(Beginning of Task input)
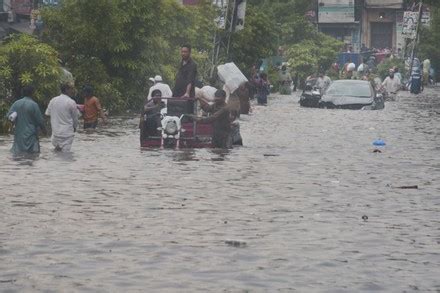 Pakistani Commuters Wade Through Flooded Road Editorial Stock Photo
(End of Task input)
(Beginning of Task input)
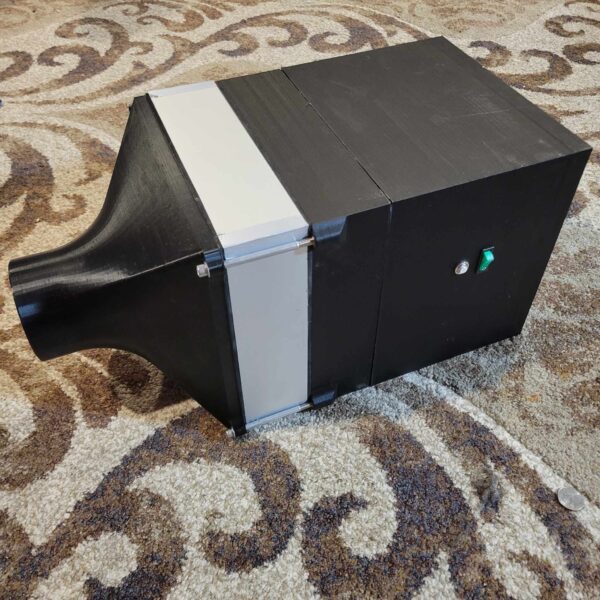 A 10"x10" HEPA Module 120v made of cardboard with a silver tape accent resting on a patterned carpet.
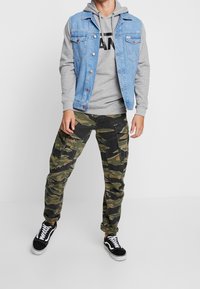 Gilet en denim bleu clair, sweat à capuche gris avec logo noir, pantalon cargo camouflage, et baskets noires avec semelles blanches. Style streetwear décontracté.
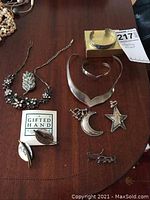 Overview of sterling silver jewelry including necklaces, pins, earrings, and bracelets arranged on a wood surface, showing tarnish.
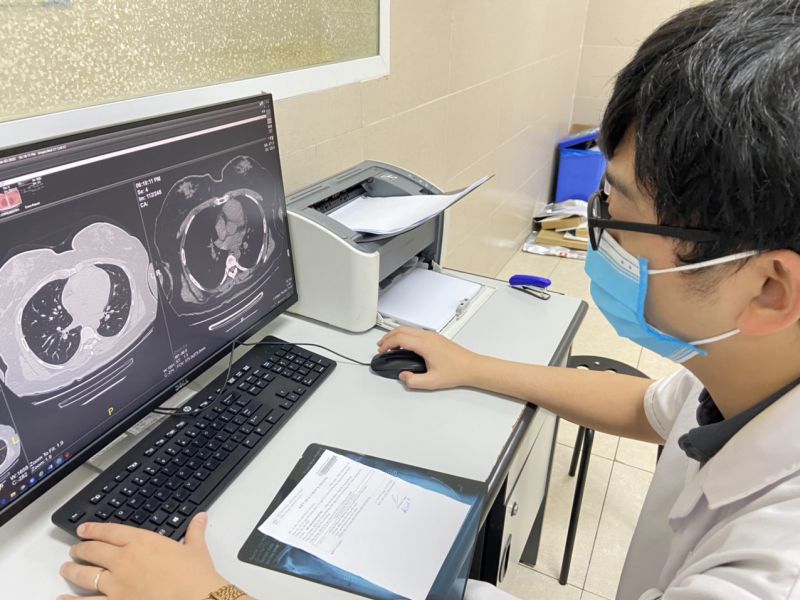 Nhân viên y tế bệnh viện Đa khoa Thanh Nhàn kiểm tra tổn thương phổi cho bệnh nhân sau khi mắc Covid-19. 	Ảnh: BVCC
(End of Task input)
• Directions for this task: Could you write out exactly the lines of the data above that run from the one holding "Gilet en denim" to the one holding "Nhân viên y", with both ends in and all pictures out?

• Exercise answer:
 Gilet en denim bleu clair, sweat à capuche gris avec logo noir, pantalon cargo camouflage, et baskets noires avec semelles blanches. Style streetwear décontracté.
 Overview of sterling silver jewelry including necklaces, pins, earrings, and bracelets arranged on a wood surface, showing tarnish.
 Nhân viên y tế bệnh viện Đa khoa Thanh Nhàn kiểm tra tổn thương phổi cho bệnh nhân sau khi mắc Covid-19. 	Ảnh: BVCC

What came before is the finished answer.